■ Source material:
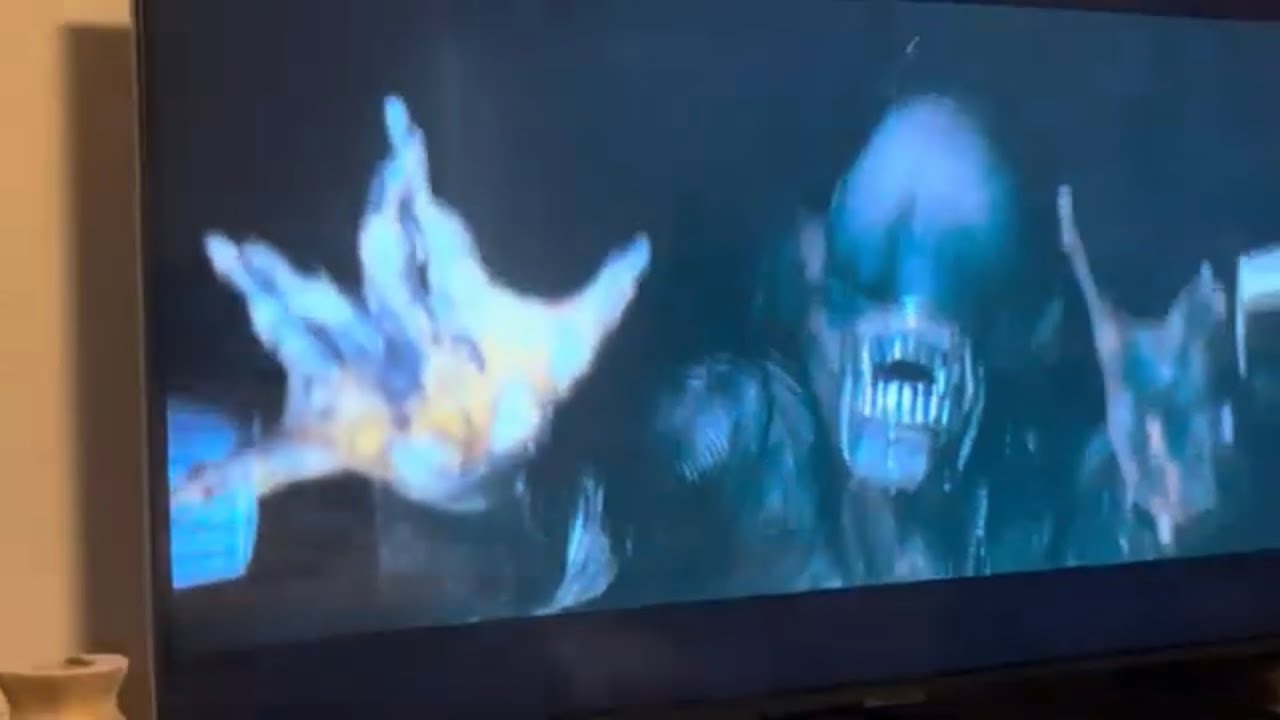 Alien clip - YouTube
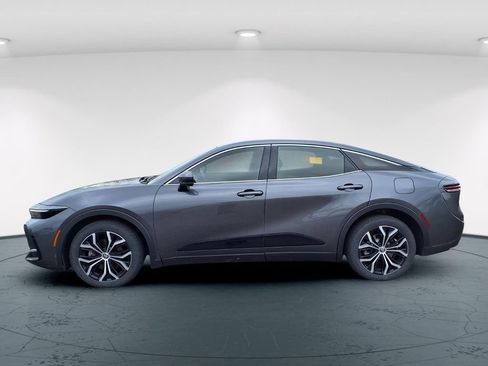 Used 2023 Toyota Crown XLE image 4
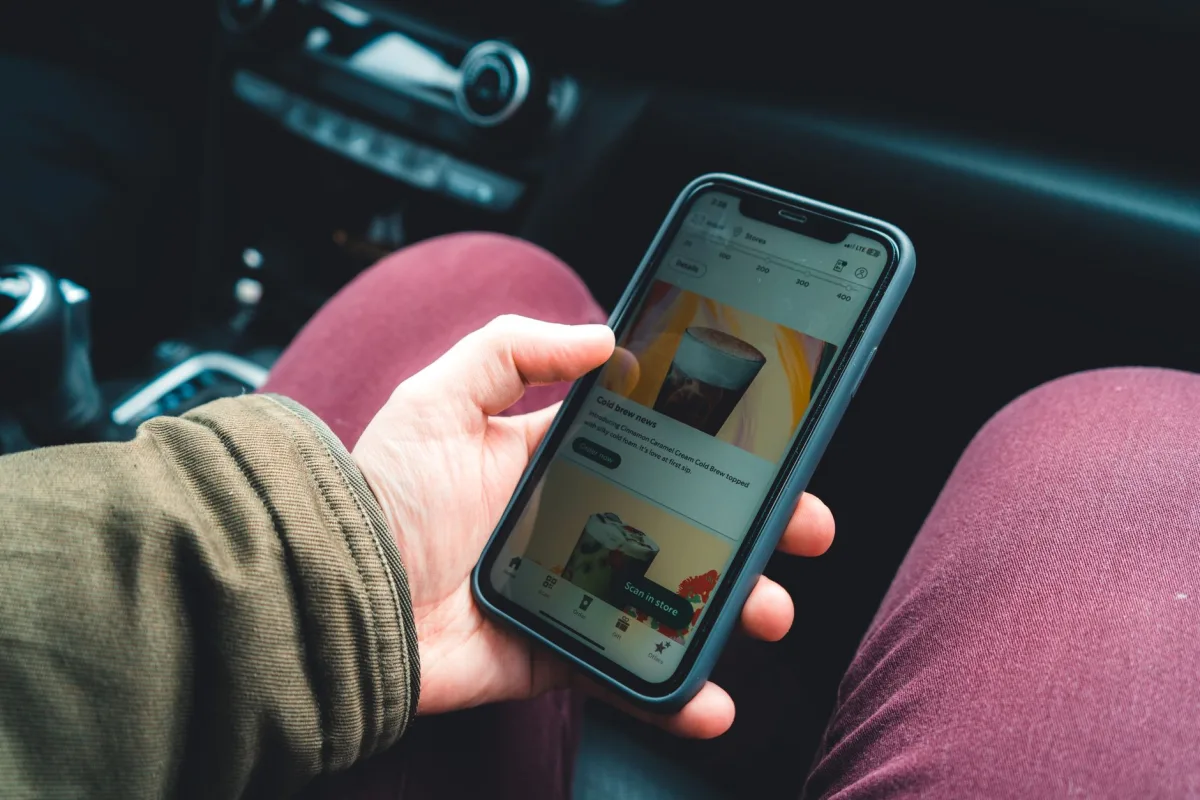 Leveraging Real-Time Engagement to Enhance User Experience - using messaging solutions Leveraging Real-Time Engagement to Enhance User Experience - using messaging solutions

---

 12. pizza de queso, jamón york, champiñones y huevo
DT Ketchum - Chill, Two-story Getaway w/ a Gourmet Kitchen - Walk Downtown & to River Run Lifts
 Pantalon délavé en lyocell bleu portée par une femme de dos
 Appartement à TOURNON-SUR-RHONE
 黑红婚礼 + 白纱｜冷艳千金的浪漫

■ Task objective: Pictures aside, print exactly the lines above starting with the one containing "Alien clip - YouTube" and going on through the one containing "messaging solutions Leveraging".

■ Task answer:
 Alien clip - YouTube
 Used 2023 Toyota Crown XLE image 4
 Leveraging Real-Time Engagement to Enhance User Experience - using messaging solutions Leveraging Real-Time Engagement to Enhance User Experience - using messaging solutions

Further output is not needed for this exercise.